Start of Supplied records

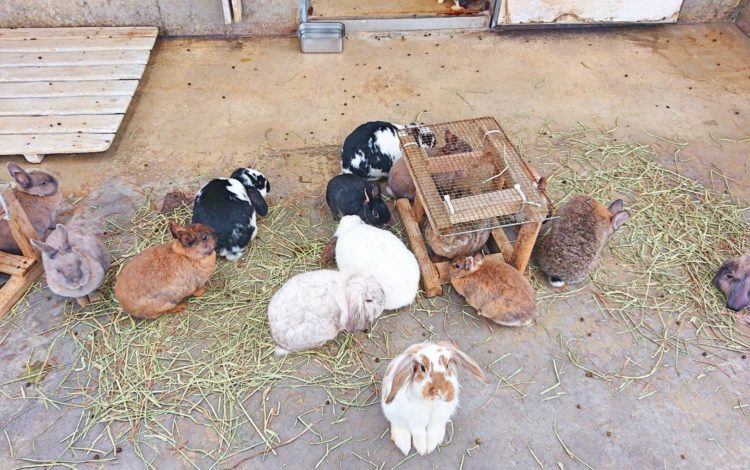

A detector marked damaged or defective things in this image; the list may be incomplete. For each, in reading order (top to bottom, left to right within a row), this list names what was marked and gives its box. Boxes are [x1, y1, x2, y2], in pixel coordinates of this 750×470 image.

rusty metal panel [500, 0, 688, 25]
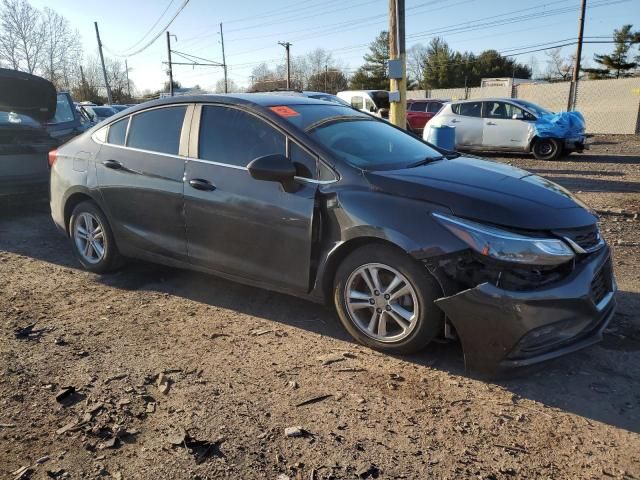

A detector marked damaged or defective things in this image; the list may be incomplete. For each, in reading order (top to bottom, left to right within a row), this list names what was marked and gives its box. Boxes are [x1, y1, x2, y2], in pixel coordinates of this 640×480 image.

damaged gray sedan [48, 95, 616, 376]
rusty fender damage [430, 246, 616, 380]
crumpled front bumper [436, 248, 616, 378]
detached bumper piece [436, 248, 616, 378]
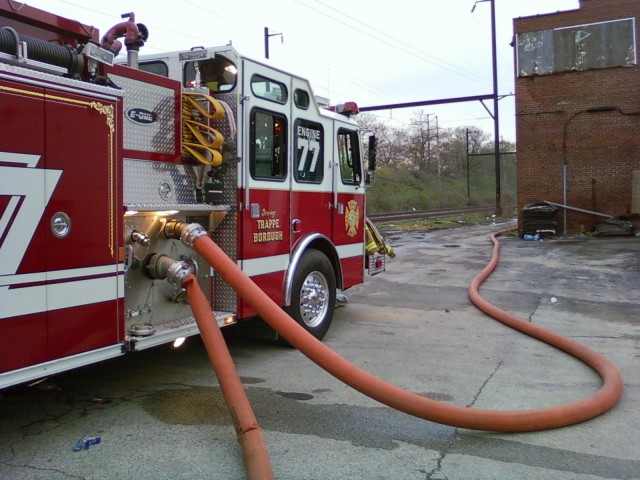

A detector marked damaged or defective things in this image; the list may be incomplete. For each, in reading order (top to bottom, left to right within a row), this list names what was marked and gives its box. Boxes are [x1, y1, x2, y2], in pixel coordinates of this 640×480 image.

cracked asphalt pavement [1, 222, 640, 480]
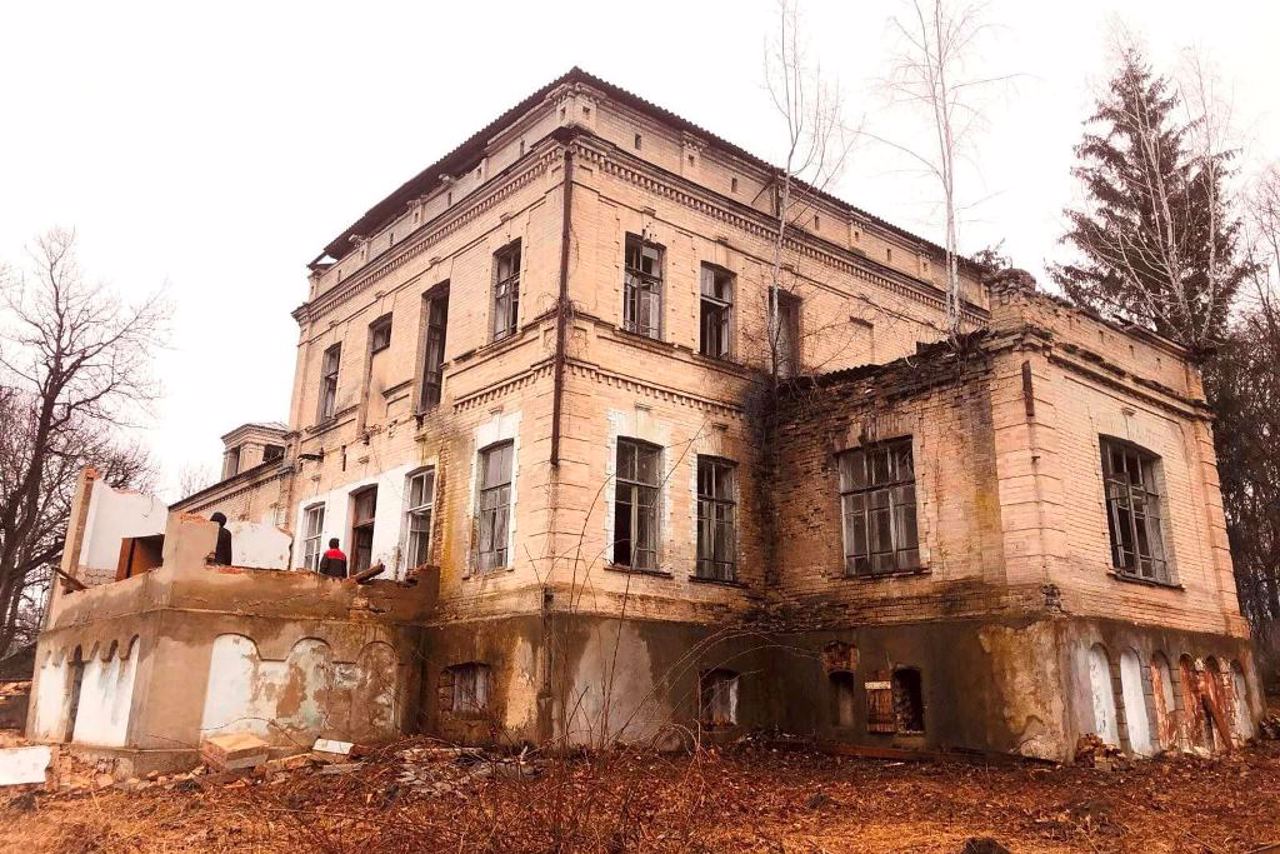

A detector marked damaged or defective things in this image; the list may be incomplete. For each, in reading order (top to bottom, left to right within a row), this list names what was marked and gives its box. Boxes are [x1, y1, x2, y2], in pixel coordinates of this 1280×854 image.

damaged roof [320, 66, 968, 268]
broken window [318, 342, 340, 422]
broken window [368, 314, 392, 354]
broken window [420, 290, 450, 412]
broken window [490, 241, 520, 342]
broken window [624, 237, 664, 342]
broken window [700, 260, 728, 354]
broken window [768, 290, 800, 378]
broken window [222, 448, 242, 482]
broken window [302, 504, 324, 572]
broken window [350, 488, 376, 576]
broken window [404, 472, 436, 572]
broken window [478, 442, 512, 576]
broken window [616, 438, 664, 572]
broken window [696, 454, 736, 580]
broken window [840, 442, 920, 576]
broken window [1104, 438, 1168, 584]
broken window [450, 664, 490, 720]
broken window [700, 668, 740, 728]
broken window [832, 676, 860, 728]
broken window [864, 672, 896, 732]
broken window [896, 668, 924, 736]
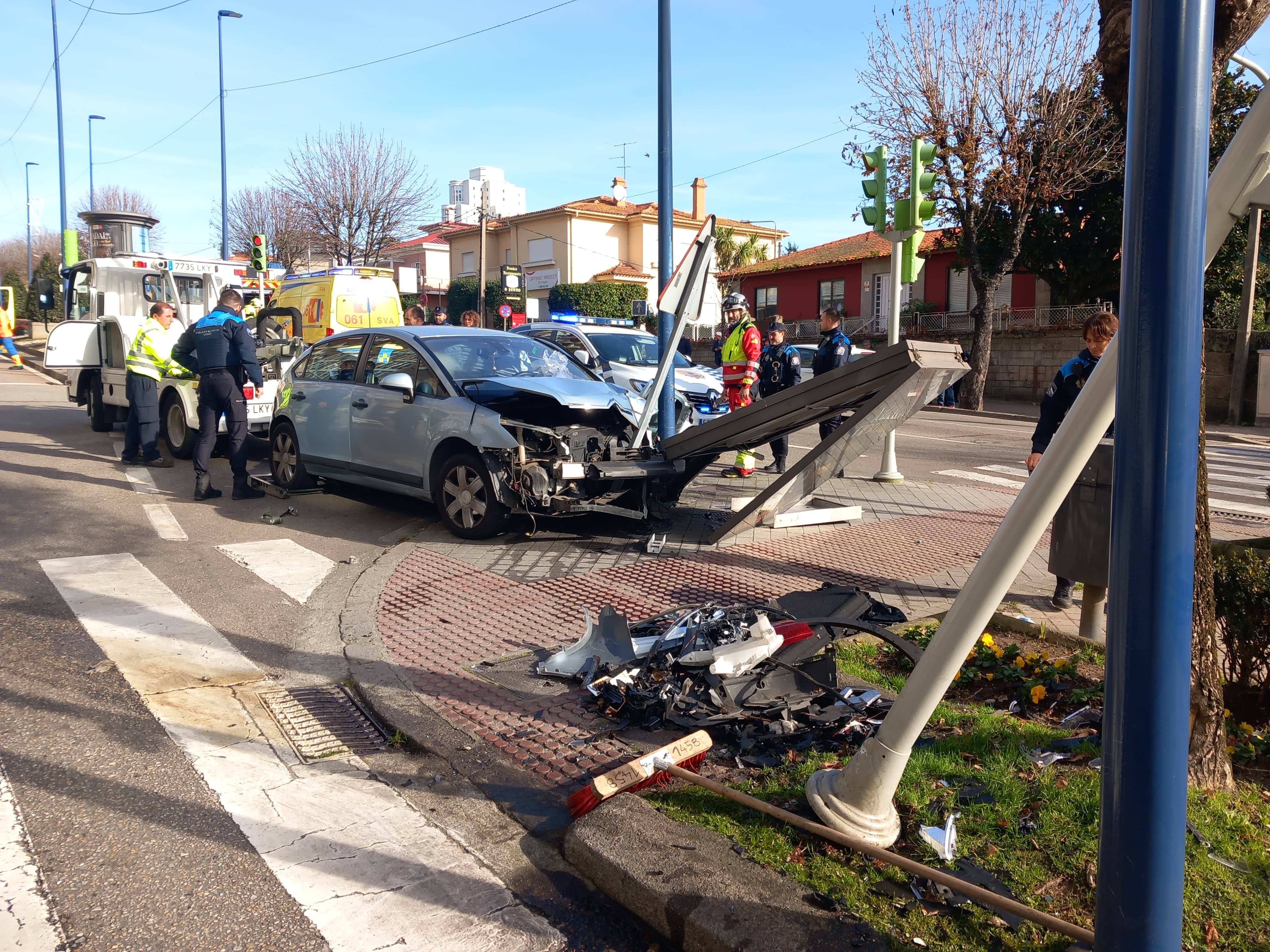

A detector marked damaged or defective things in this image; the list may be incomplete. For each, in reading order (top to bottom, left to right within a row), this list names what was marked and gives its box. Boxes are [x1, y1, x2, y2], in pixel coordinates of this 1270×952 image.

damaged silver car [264, 327, 691, 538]
broken plastic fragment [919, 812, 955, 863]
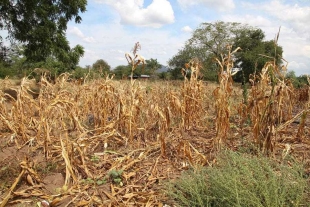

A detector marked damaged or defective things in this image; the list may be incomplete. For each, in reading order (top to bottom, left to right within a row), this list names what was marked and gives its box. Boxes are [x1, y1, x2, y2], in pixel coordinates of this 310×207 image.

drought-damaged field [0, 55, 308, 206]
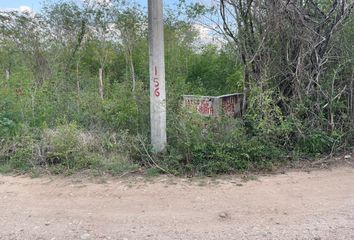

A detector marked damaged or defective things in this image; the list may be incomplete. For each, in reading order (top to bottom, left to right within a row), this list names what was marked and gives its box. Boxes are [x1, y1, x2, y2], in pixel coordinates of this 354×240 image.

rusty fence [183, 93, 243, 117]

End of Supplied records

• [Directions for this task]
Set down the records exactly, without the pictures.

• [Solution below]
A detector marked damaged or defective things in this image; the list may be incomplete. For each, in reading order (top to bottom, left to right within a row), this list names what was marked and gives its box. Boxes are [x1, y1, x2, y2], in pixel coordinates of this 750×470 image.

rusty metal panel [500, 0, 688, 25]

A detector marked damaged or defective things in this image; the list may be incomplete. For each, in reading order (top to bottom, left to right within a row), this list names what was marked and gives its box. Boxes are [x1, y1, x2, y2], in pixel coordinates of this 640×480 image.

damaged gray sedan [48, 95, 616, 376]
rusty fender damage [430, 246, 616, 380]
crumpled front bumper [436, 248, 616, 378]
detached bumper piece [436, 248, 616, 378]

A detector marked damaged or defective things in this image; the list may be incomplete. For each, in reading order (top to bottom, left to right within a row), this list names what was marked and gives its box. Boxes are [x1, y1, x2, y2], in pixel coordinates of this 640×480 image.

cracked asphalt pavement [1, 222, 640, 480]

A detector marked damaged or defective things in this image; the list may be incomplete. For each, in reading order (top to bottom, left to right within a row), this list names what was marked and gives its box. Boxes are [x1, y1, x2, y2], in pixel coordinates of this 1280×854 image.

damaged roof [320, 66, 968, 268]
broken window [318, 342, 340, 422]
broken window [368, 314, 392, 354]
broken window [420, 290, 450, 412]
broken window [490, 241, 520, 342]
broken window [624, 237, 664, 342]
broken window [700, 260, 728, 354]
broken window [768, 290, 800, 378]
broken window [222, 448, 242, 482]
broken window [302, 504, 324, 572]
broken window [350, 488, 376, 576]
broken window [404, 472, 436, 572]
broken window [478, 442, 512, 576]
broken window [616, 438, 664, 572]
broken window [696, 454, 736, 580]
broken window [840, 442, 920, 576]
broken window [1104, 438, 1168, 584]
broken window [450, 664, 490, 720]
broken window [700, 668, 740, 728]
broken window [832, 676, 860, 728]
broken window [864, 672, 896, 732]
broken window [896, 668, 924, 736]

A detector marked damaged or defective things in this image; the list may be incomplete. For each, in reading order (top to bottom, left to right within a row), this list names what was marked and gives its box. Boxes are [x1, y1, x2, y2], in pixel coordinates of this 1270×952 image.

damaged silver car [264, 327, 691, 538]
broken plastic fragment [919, 812, 955, 863]

A detector marked damaged or defective things in this image; the list may be incomplete. For each, in reading order (top to bottom, left to right within a row), this list names what was marked and gives its box. Boxes are [x1, y1, x2, y2], in pixel coordinates of this 310×207 image.

drought-damaged field [0, 55, 308, 206]

A detector marked damaged or defective things in this image; the list may be incomplete. For each, in reading order (top to bottom, left to right within a row), this list names what was marked and gives its box. Boxes are [x1, y1, x2, y2], in pixel coordinates of this 354×240 image.

rusty fence [183, 93, 243, 117]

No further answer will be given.